Federal regulators say Boeing's grounded 737 Max 9 aircraft will stay grounded until they're shown to be safe for travelers.
The Federal Aviation Administration ordered a temporary grounding of certain active 737 Max 9 planes on Saturday, Jan. 6, after an incident in which a door blew out of an airborne plane operated by Alaska Airlines.
In a statement Tuesday, the FAA said the planes would return to flight only after they were shown to be safe.
"Boeing must provide instructions to operators for inspection and maintenance. Boeing offered an initial version of instructions [Monday] which they are now revising because of feedback received in response."
The FAA says it will make a thorough review of the updated instructions once they're available.

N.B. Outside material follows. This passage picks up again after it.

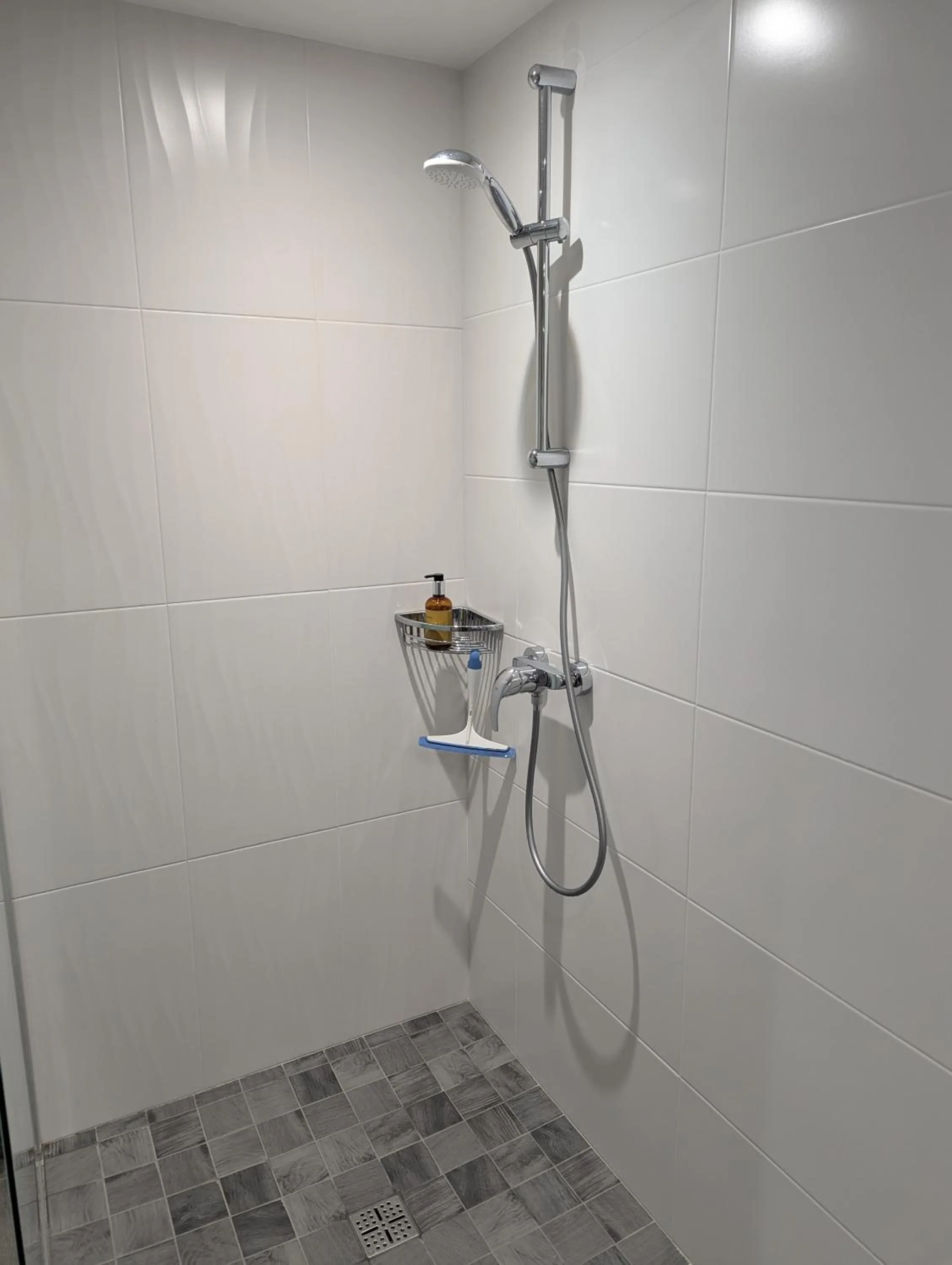 Bathroom in Les Bruyères du Mont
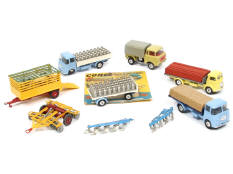 CORGI TOYS (GB) (7)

The grounding affects an estimated 171 planes that operate in U.S. territory or under U.S. carriers.
Regulators on Monday told reporters they were trying to determine if four bolts meant to hold the door in place had ever been installed in the affected plane. While the National Transportation Safety Board has recovered the door itself, the bolts have still not been located.
Alaska Airlines had already grounded its fleet of 737 Max 9 planes following the incident. The loss of the plug door required the crew and passengers to don oxygen masks and forced an emergency landing at Portland International Airport.
There were no serious injuries from the depressurization.